実は元嫁が19歳の大学生の時にオレと出会いデキ婚だったが為に大学も中退してハタチでいきなりの主婦になった。付き合いはじめの頃、将来は法律に関係する仕事をしたいと時折言っていた記憶がある。当時のオレは自分の人生の中ではじめて本気で心の底から好きと言える相手に出会った事と将来死ぬまで一緒にいたいという気持ちで元嫁の将来の事など何処吹く風であった。

だから妊娠をきっかけに大学を続けるかどうかという問題も「無理でしょ。」、子供が生まれてからも元嫁は資格を取って仕事をしたいという相談も「家庭があるんだから無理に決まってんだろ。」とオレの言葉ですべて一蹴。

あとから考えればいくらでも選択肢はあったはずだ。大学現役でも子育てできるし、家庭を持ちつつも資格を取り自分の道を歩ける。大変な道のりだからこそ夫婦二人で協力しあい、まわりの協力も得てそれを乗り越えていくことができる。

オレのアルコール脳はそんな事も考えず、自分のことばかり考えていたわけだ。

つまり、心の底から好きになった相手のことなど何も考えずオレの独り善がりと傲慢さで幸せを築けるとでも勝手に思っていたんだろう、酒を飲みながら。

元嫁としてもそんなオレとの生活に不安感や嫌気がさしつつ、離婚後まだ4歳と3歳の娘と三人でどう生きていくか路頭に迷いたくなかったかもしれない。若さゆえ、言葉は汚いが「子供より自分」、「自分優先」。いや、「自分」というものを潔く正直に生きたいという思いが強かったのだろう。
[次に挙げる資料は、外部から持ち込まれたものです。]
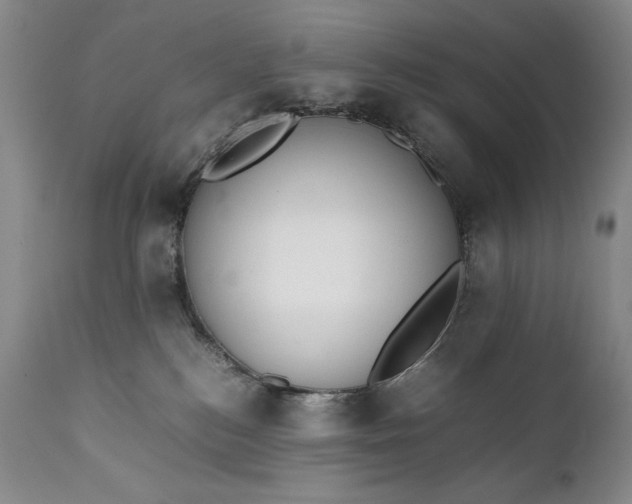 X0000111430184200907271114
この決断は周りの人間がそれが良いか悪いかなんてとやかく言うべきではないし理解すべきでもない。当事者だけがわかっていればそれでいいと思う。

オレはオレで「自分のことばかり考えてるオマエに子供は絶対渡さない!オレがりっぱに育てる!」なんて強く言い放ったが中途半端で不安定なアル症のオレができるわけない。本音はこれ以上何も失いたくなかった。職も失い、バンドも辞め離婚もしてそのうえ娘達までいなくなったら、他に何もないオレは後は死ぬだけだと思ったからだ。冷静になれば決してそんなことはないのだが、当時は絶望という言葉しかなかった。

そんなこんなで結局は親父がなくなって間もない一人暮らすお袋の実家に娘二人とオレは移り住むことになった。理由は一人で毎日暮らすお袋が不憫で寂しいんじゃないかという思いなんてこれっぽっちで、要は金銭的余裕もなく三人で生活する術も自信もなかったというのが本音だ。

まあしかし、狭いながらも賑やかに新生活を迎えたわけだが気持ちの切り替えもうまくできず過去をひきずりながらのオレはやっと見つけた仕事をやりつつもアルコールの摂取量は増え続けるばかりだった。